Mamamae and Granddaddy were married 45 years, when he died suddenly on Oct. 29, 1970. Granddaddy was only 62 years old.  Mamamae lived a long time, well into her 80's, after Granddaddy passed away.

                                  
This is the way I remember my grandparents. They gave me unconditional love. The best present a child can ever receive. 

This isn't all of their story by any means, it is the beginning. I want to share their story with my family and friends. I was blessed beyond measure to have had them in my life.

To be continued...

Saturday, June 22, 2013

The Watch From Daddy...Father's Day Memories


When I was about 5 years old, I got an idea in my head that my father was going to mail me a gold watch. Mama and Daddy had been  divorced since I was born.  He was working in construction somewhere out West. The chance of him sending me a watch were slim to none. The chance of him knowing I wanted a watch were nonexistent.

 When I would ask questions about Daddy, my mother would say, "Honey, he is away working. He can't come home right now." Apparently that satisfied me until the next time I became curious.  There would be long 'spells' when no one knew where Daddy was living.

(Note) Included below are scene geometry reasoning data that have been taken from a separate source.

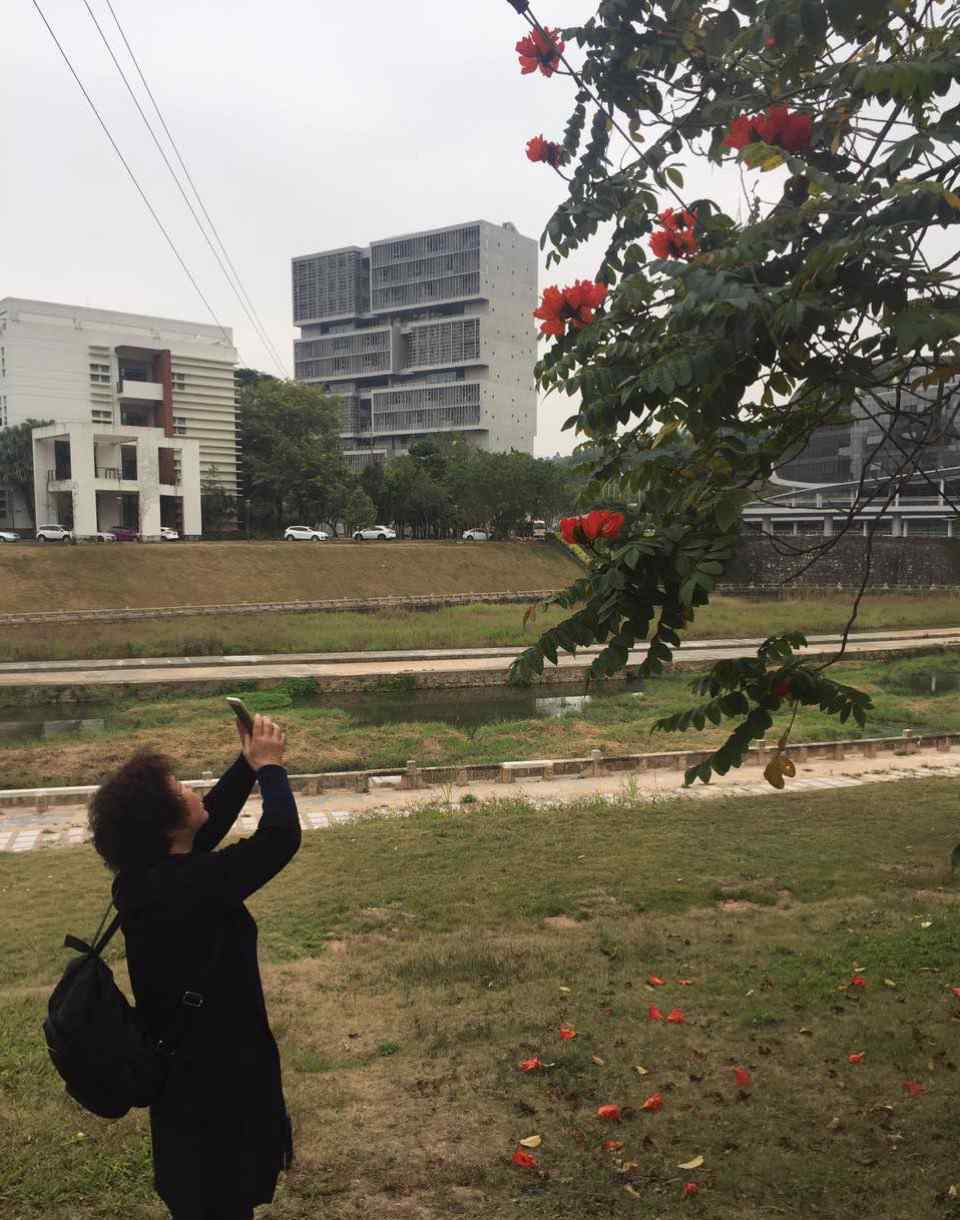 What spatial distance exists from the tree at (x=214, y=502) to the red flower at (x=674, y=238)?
53991 mm

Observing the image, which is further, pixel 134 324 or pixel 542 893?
pixel 134 324

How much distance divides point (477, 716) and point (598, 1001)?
57.3 ft

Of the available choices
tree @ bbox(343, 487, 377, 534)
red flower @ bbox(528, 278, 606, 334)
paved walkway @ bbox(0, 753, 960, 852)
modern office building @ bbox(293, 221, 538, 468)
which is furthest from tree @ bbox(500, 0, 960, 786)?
modern office building @ bbox(293, 221, 538, 468)

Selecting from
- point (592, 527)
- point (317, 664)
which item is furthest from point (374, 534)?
point (592, 527)

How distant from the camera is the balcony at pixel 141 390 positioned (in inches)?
2127

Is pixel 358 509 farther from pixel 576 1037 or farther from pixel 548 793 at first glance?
pixel 576 1037

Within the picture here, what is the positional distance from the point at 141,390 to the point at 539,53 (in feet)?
179

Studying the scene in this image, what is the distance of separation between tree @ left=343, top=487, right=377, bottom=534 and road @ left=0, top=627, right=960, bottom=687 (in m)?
26.9

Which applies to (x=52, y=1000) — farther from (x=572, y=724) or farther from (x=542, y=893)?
(x=572, y=724)

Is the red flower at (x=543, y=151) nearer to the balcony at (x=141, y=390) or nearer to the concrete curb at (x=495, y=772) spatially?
the concrete curb at (x=495, y=772)

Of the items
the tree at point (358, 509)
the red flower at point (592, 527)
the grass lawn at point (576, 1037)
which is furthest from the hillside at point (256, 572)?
the red flower at point (592, 527)

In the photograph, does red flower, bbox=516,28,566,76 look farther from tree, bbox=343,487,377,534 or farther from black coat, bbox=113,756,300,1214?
tree, bbox=343,487,377,534

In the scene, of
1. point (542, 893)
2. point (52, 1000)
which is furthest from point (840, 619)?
point (52, 1000)

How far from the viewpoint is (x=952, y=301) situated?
3100 millimetres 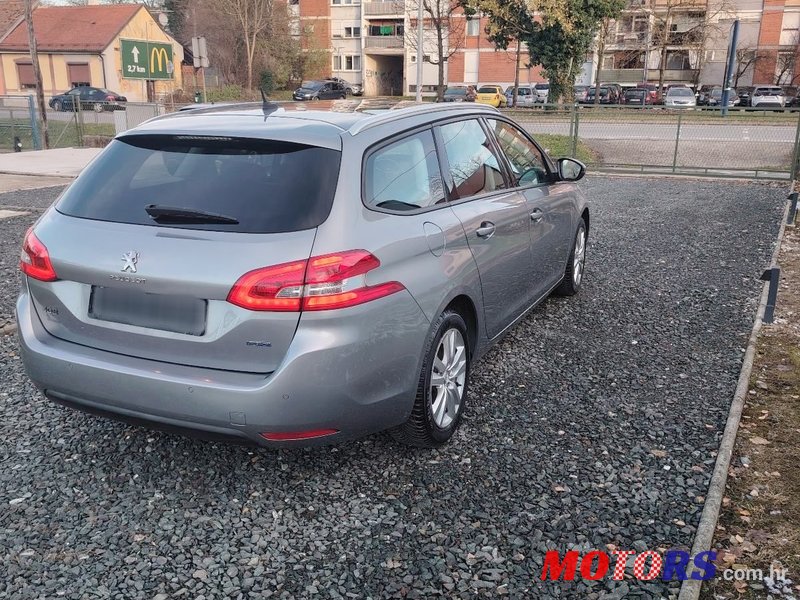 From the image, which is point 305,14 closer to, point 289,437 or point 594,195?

Then like magic, Daddy would drive up and surprise me with a visit. He would stay with Mama Pearl and Papa John, his parents who lived out in the country. I always stayed with them when he came in to visit. I loved those visits, and I loved Daddy very much. I will forever be grateful that Mama allowed me to love Daddy. She could have easily kept me from loving him, but she didn't. She never talked bad about Daddy in front of me. Mama knew how to keep a secret. I would be in my 60's before I knew the whole story and I wouldn't swear I know it all now.  I also did not learn any of it from her. I do know she loved him too... she always did.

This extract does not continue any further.